“Nicely thrown,” Skarnu remarked.
“I thank you, sir,” Raunu answered. “Nice to know the arm still works.”
“Aye.” Skarnu looked around. He stood near the front of the crowd, but not so near that any Algarvian could easily see who he was. Drawing in a deep breath, he let it out in a shout of his own: “Down with the vicious count and the Algarvian tyrants!”
No redhead could have identified him in the moments following that cry, for Merkela grabbed him, pulled his face down to hers, and gave him the most savage kiss he’d ever had, a kiss that left the taste of blood in his mouth. Because of that kiss, he hardly noticed the Valmierans surging past him toward the scapegrace Count Simanu and his Algarvian protectors.
“Back!” the Algarvian officer shouted in Valmieran. “Back, or you will be sorry for it!” He had mettle; no man without it would have found his voice so fast after making the acquaintance of Raunu’s stone. But the townsfolk and peasants, roused by tradition flouted as perhaps by nothing else, did not go back. More stones flew--Skarnu flung one himself. It missed, which made him curse.
“Down with Simanu!” the Valmierans roared, a cry that echoed through the square. “Down with Simanu! Down with--”
“Blaze!” the Algarvian officer shouted, not about to let the outraged Valmierans overrun his men. “Blaze them down!”
Blaze them down the redheads did. A few men got in among the kilted soldiers, but they did not last long. Both the Algarvians around Simanu and those on the rooftops turned their sticks on the furious Valmierans. As men--and women--began to fall, the rest broke and fled.
Skarnu had to drag Merkela away by main force. “Let me go!” she kept shouting. “I want my crack at them!”
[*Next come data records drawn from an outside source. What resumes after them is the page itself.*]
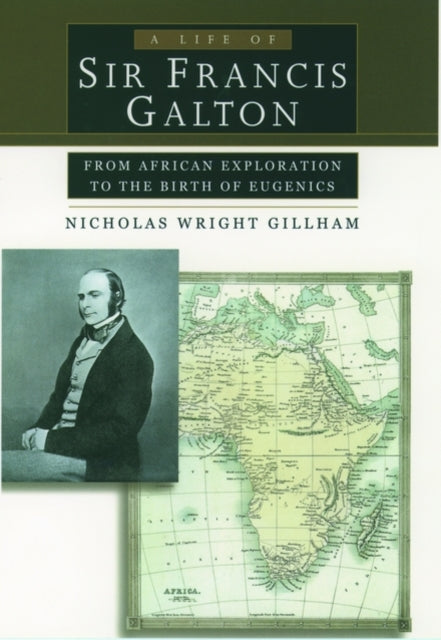 Book cover of: Life of Sir Francis Galton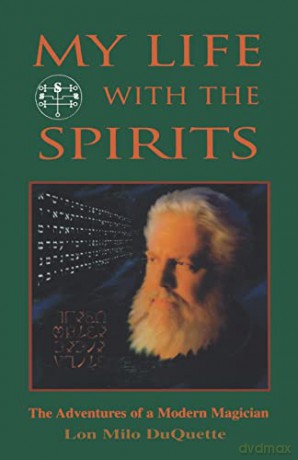 My Life With The Spirits - Duquette Milo [KSIĄŻKA]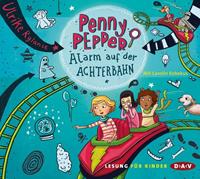 ulrikerylance Penny Pepper 02: Alarm auf der Achterbahn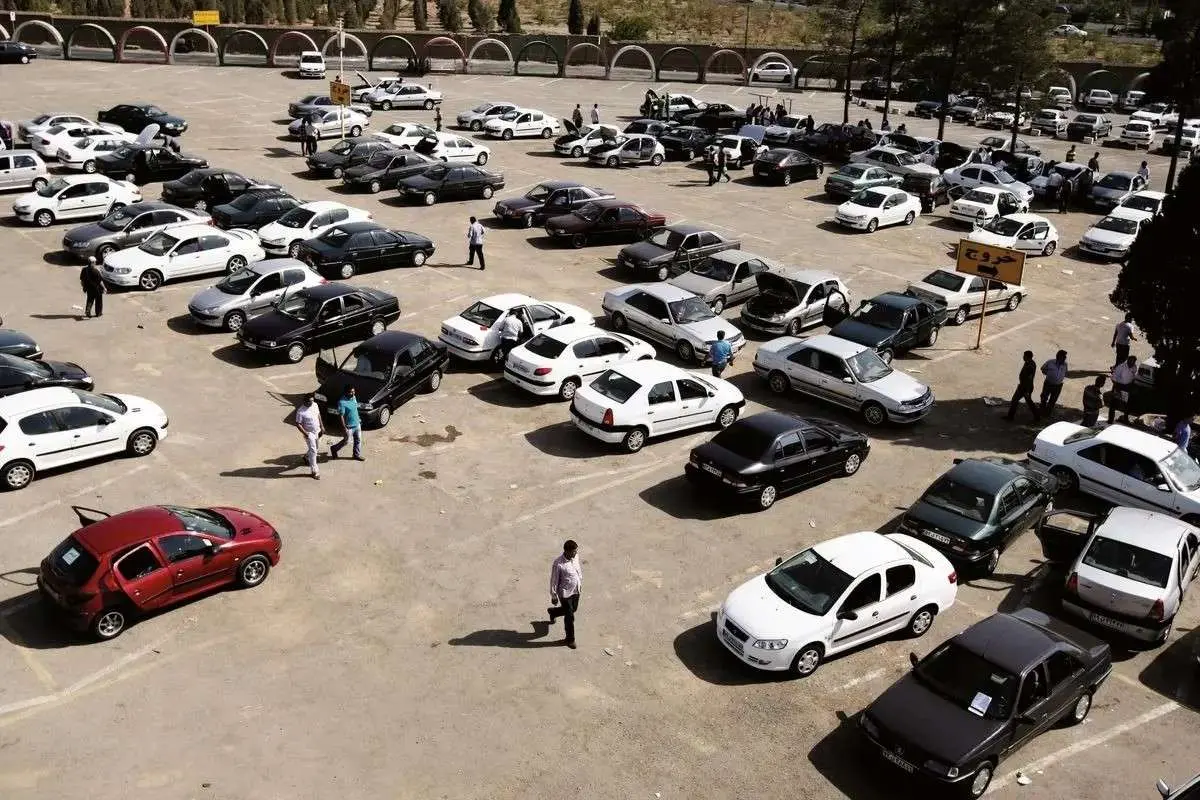 قیمت خودرو؛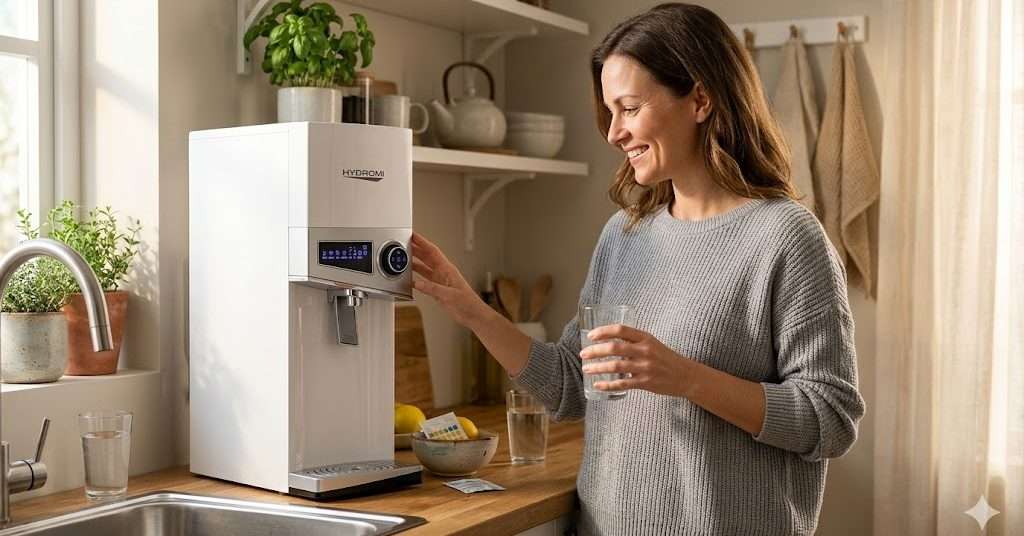 Is Hydrogen Water Good Everyday?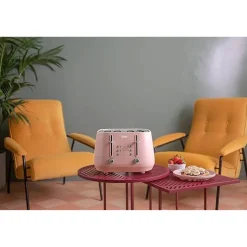 Eclettica Toaster Pink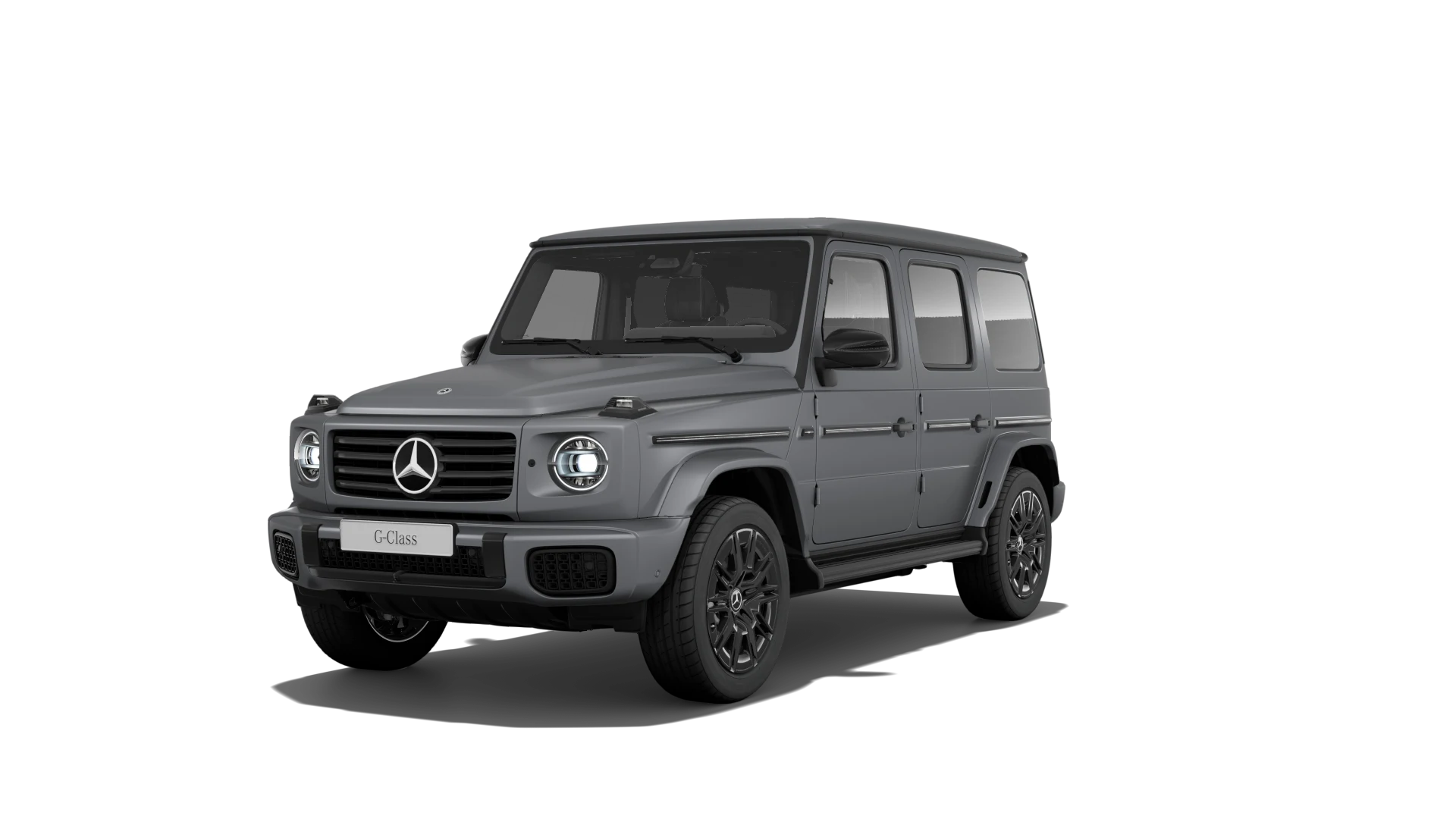 Mercedes-Benz CLASSE G G 580 avec technologie EQ AMG Line  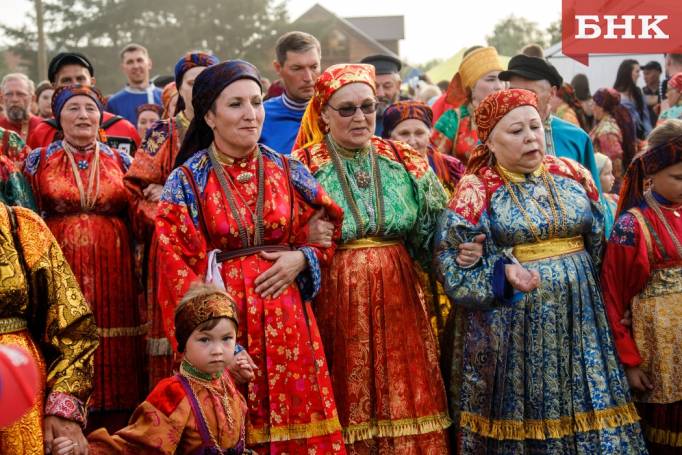 «Усть-Цилемская горка»: участники праздника в старинном селе отправятся в путешествие во времени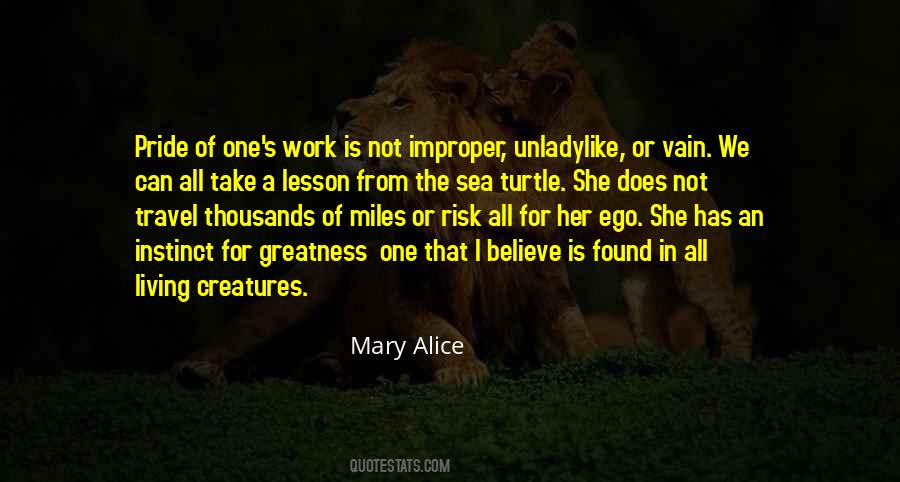 Mary Alice Quotes #918393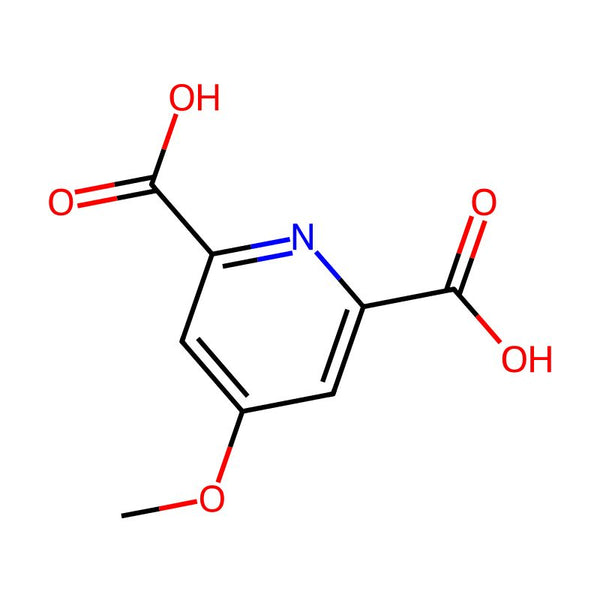 4-Methoxypyridine-2,6-dicarboxylic acid|CS-0162608|52062-26-7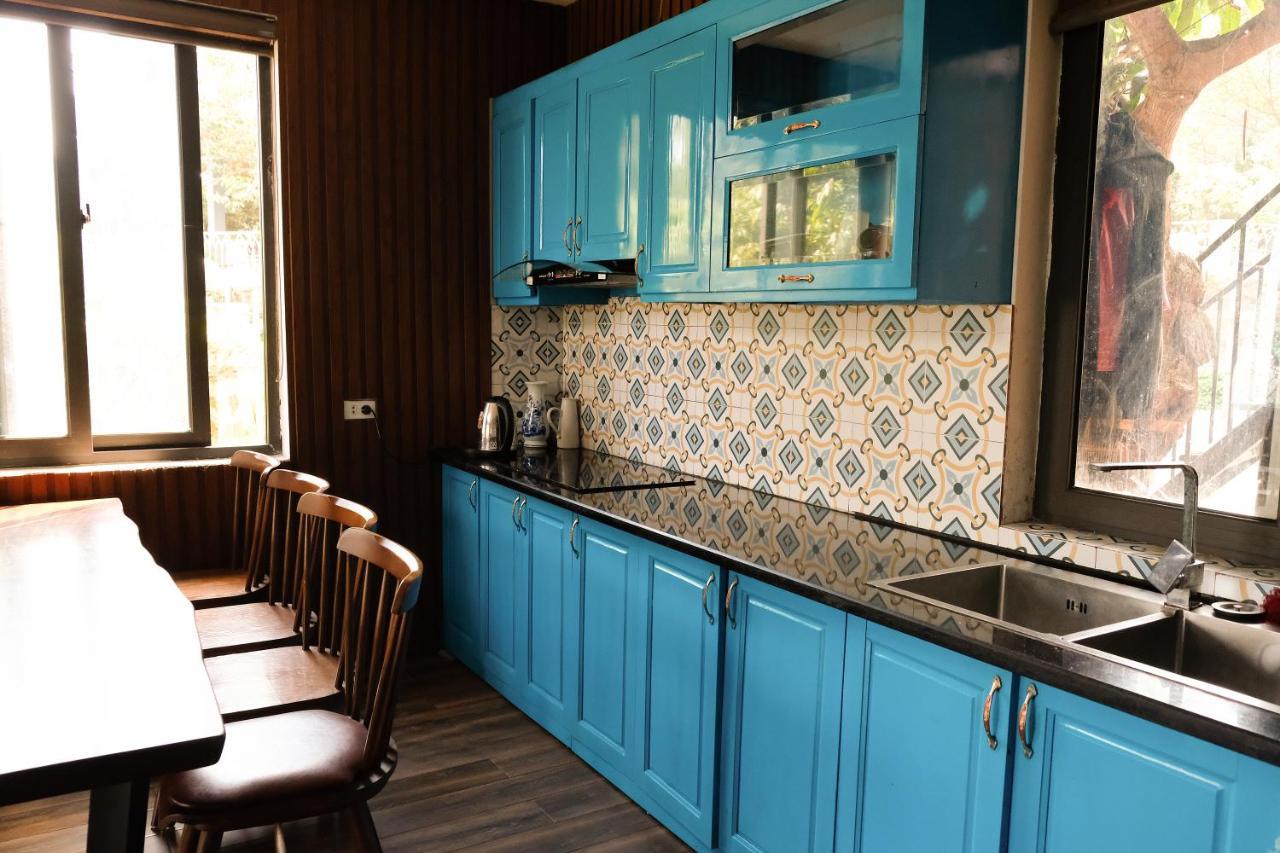 Roses Villa Tam Dao - Venuestay Екстер'єр фото
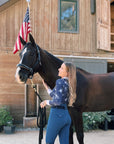 Courtney - Long Sleeve Women's Riding Shirt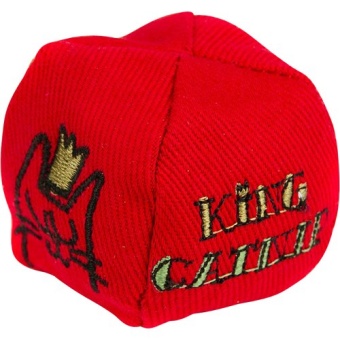 King Catnip Boll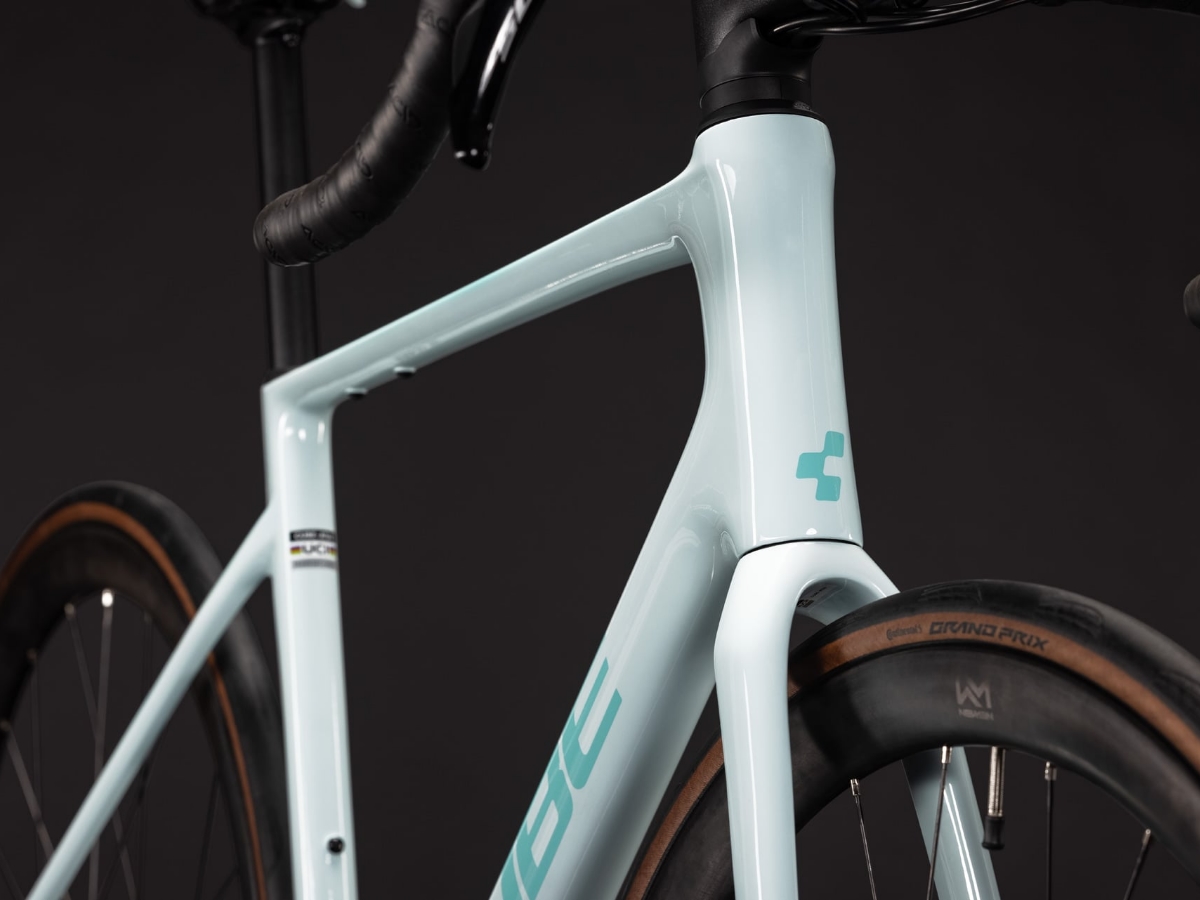 Cube Attain C:62 Race frostymint´n´mint 2027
But he would not let her go. “Come on,” he said. “I don’t want you dead, curse it.” As if to underscore his words, a man beside them fell with a groan. Skarnu went on, “The Algarvians and Simanu have just done us a favor. Before, people would put up with them. No more--now they’ve found out what they get when they do. We’ll have five people willing to fight them for every one who would before. Do you see?”
Merkela must have, for she let him lead her out of Pavilosta. But she never admitted he was right, not out loud.
Five
Krasta rounded on her maidservant. “Curse you, Bauska, I ought to box your X i ears,” she said furiously. “It’s only the middle of the afternoon. If you think you can fall asleep on me, you had better think again.”
“I am sorry, milady,” Bauska said around a yawn. “I’m sure I don’t know what’s come over me the past few days.” Wise in the ways of servants, Krasta had no doubt she was lying, but couldn’t tell why. Bauska yawned again, yawned and then gulped. Her complexion, always pale, went distinctly green. After another gulp, she made a strangled choking noise, turned, and dashed out of Krasta’s bedchamber.
When she returned, she still looked wan but somewhat better, as if she’d got rid of what ailed her. “Are you ill?” Krasta demanded. “If you are, you had better not give it to me. Colonel Lurcanio and I are supposed to go to a banquet tomorrow night.”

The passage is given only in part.